OCTIS: Comparing Topic Models is Simple! A python package to optimize and evaluate topic models (accepted at EACL2021 demo track)
MIT License
705 stars 98 forks source link

problems partitioning custom dataset #101

Open afriedman412 opened 1 year ago

afriedman412 commented 1 year ago

Description

Trying to run Optimization, following this tutorial on custom dataset raises:

File /usr/local/lib/python3.9/dist-packages/octis/models/pytorchavitm/AVITM.py:77, in AVITM.train_model(self, dataset, hyperparameters, top_words)
     74 self.set_params(hyperparameters)
     76 if self.use_partitions:
---> 77     train, validation, test = dataset.get_partitioned_corpus(use_validation=True)
     79     data_corpus_train = [' '.join(i) for i in train]
     80     data_corpus_test = [' '.join(i) for i in test]

TypeError: cannot unpack non-iterable NoneType object

What I Did

Here's the code for creating the custom dataset from a list of strings...

# docs is a list of strings

# collect tokens
tokens = []
for d in tqdm(docs):
    tokens += word_tokenize(d.lower())

# write vocab file
with open("octis_dataset/vocabulary.txt", "w+") as f:
    for s in tqdm(set(tokens)):
        f.write(s + "\n")

# create corpus tsv
df = pd.DataFrame(docs)

# partition
tr_data = df.sample(48500, random_state=420)
te_data = df.query("index not in @tr_data.index").sample(12900, random_state=420)
val_data = df.query("index not in @tr_data.index and index not in @te_data.index")

df = pd.concat([tr_data, te_data, val_data])

# write tsv
df.to_csv("octis_dataset/corpus.tsv", sep="\t", header=None)
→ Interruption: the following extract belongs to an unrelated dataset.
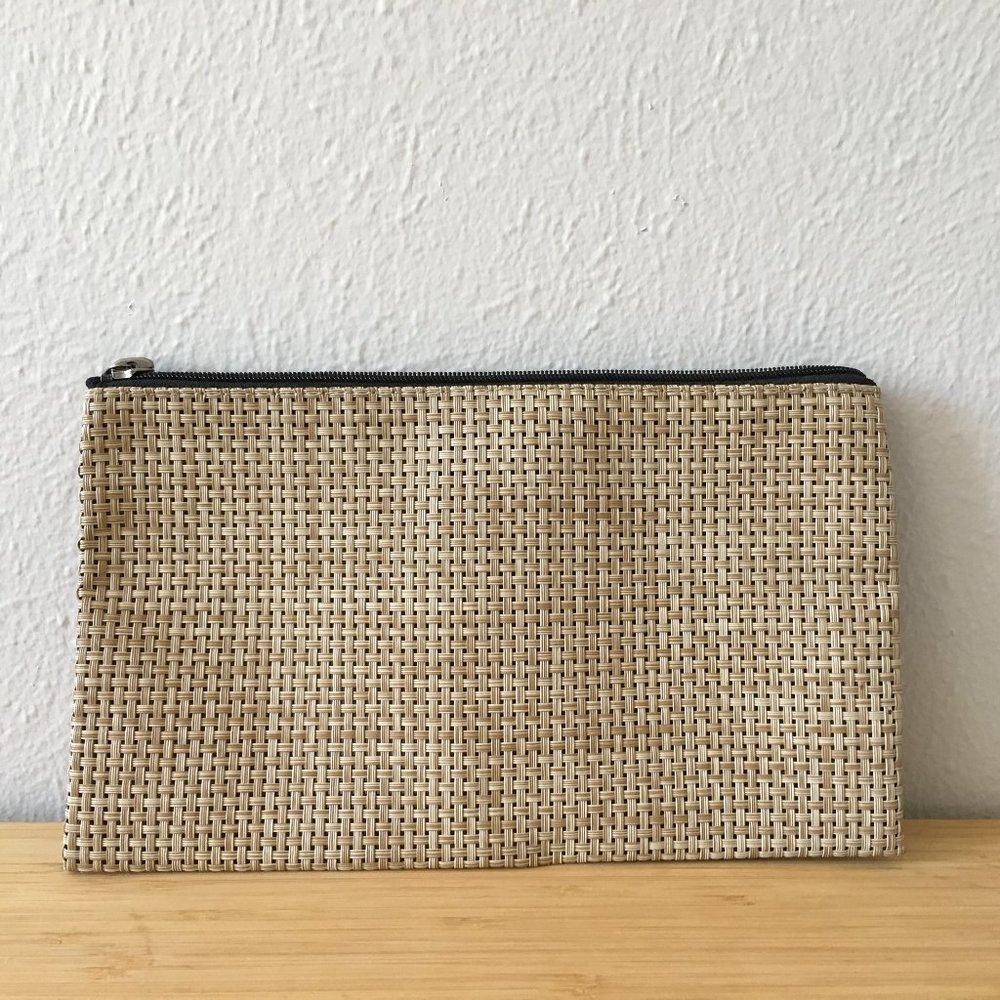 Chilewich Medium Zipper Woven Tan Pouch Bag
And here is the code to optimize the model...

optimizer=Optimizer()

start = time.time()
optimization_result = optimizer.optimize(
    model, dataset, coherence, search_space, number_of_call=optimization_runs, 
    model_runs=model_runs, save_models=True, 
    extra_metrics=None, # to keep track of other metrics
    save_path='results/test_neuralLDA/'
)
end = time.time()
duration = end - start
optimization_result.save_to_csv("results_neuralLDA.csv")
print('Optimizing model took: ' + str(round(duration)) + ' seconds.')

And this raises the error.